Stones featuring figures of Roman soldiers on the legs of a 2,500-year-old bridge in the 12,000-year-old ancient settlement of Hasankeyf in the southeastern province of Batman have been moved to a museum, as the historic bridge is set to disappear underwater in the wake of the controversial construction of the Ilısu Dam. 

The restoration of the bridge spanning the Tigris River, which cuts through Hasankeyf, has recently been finished and the figures on the bridge were moved to the Batman Museum. 

Batman Provincial Culture and Tourism Director İhsan Aslanlı said the figures were on display in the garden of the museum. 

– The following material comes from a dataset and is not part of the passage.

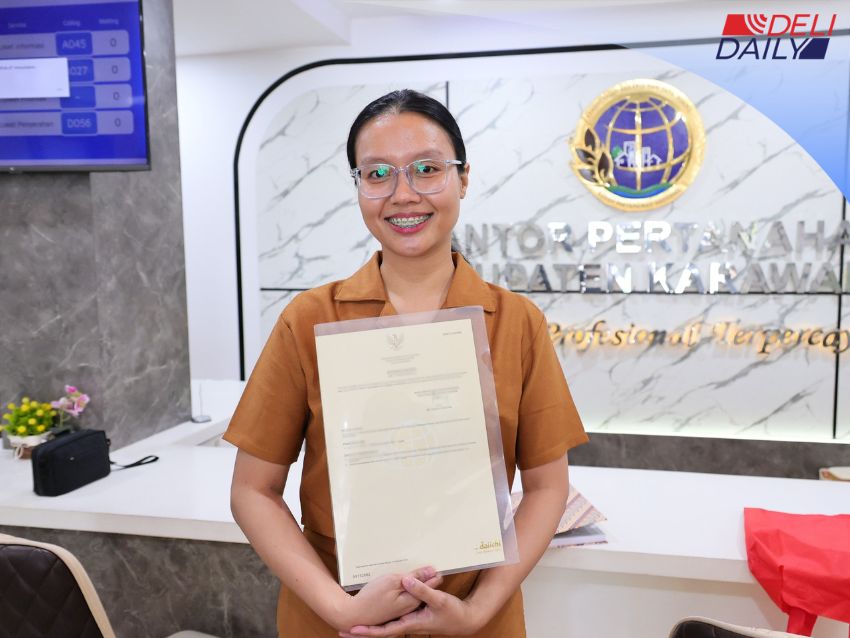 Angelita: Dulu Birokrasi Tanah Bikin Berat, Kini Cukup Sentuh Lewat HP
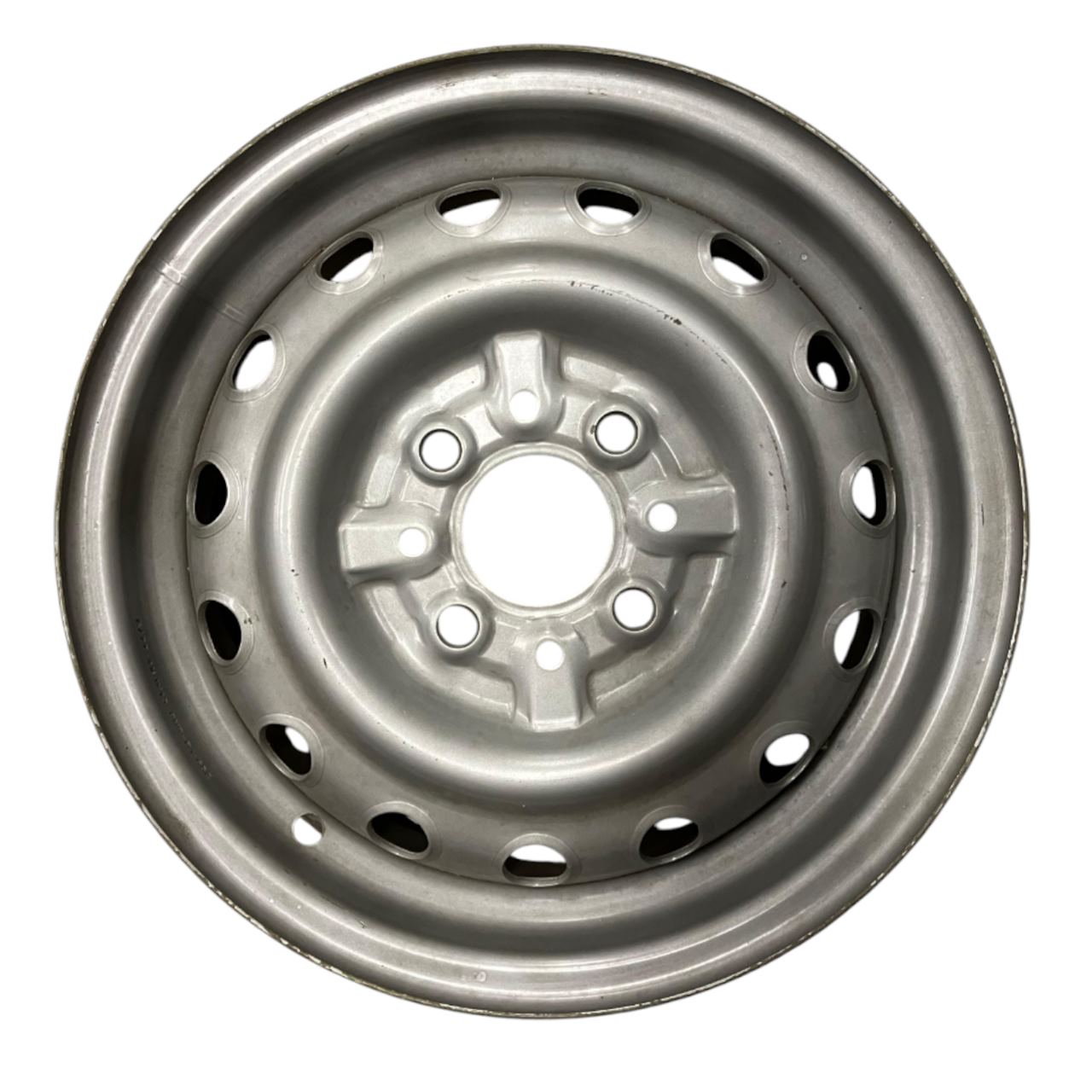 Stahlfelge original (13 x 4,5J, ET48, ohne Befestigung für Radkappe) Fiat 850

“The figures are among the symbols of the historic Hasankeyf stone bridge. The bridge was constructed with 10 vaults. But because the bridge was partially damaged, only three of its vaults are seen on the Tigris River. The bridge was constructed between A.D. 1116 and 1126 during the reign of Fahrettin Karaaslan in Hasankeyf,” he said. 

It has been reputed as one of the most magnificent bridges constructed in the Middle Age. Cut stones were used in the construction and the bridge was later filled with rubble stones. It has been reported that the bridge was constructed on the ruins of an ancient bridge. The bridge has a belt in the middle of it which serves as a door that opens and closes, symbolizing the security of the settlement. 

But Hasankeyf and the stone bridge will soon be consumed by the waters of the Ilısu Dam.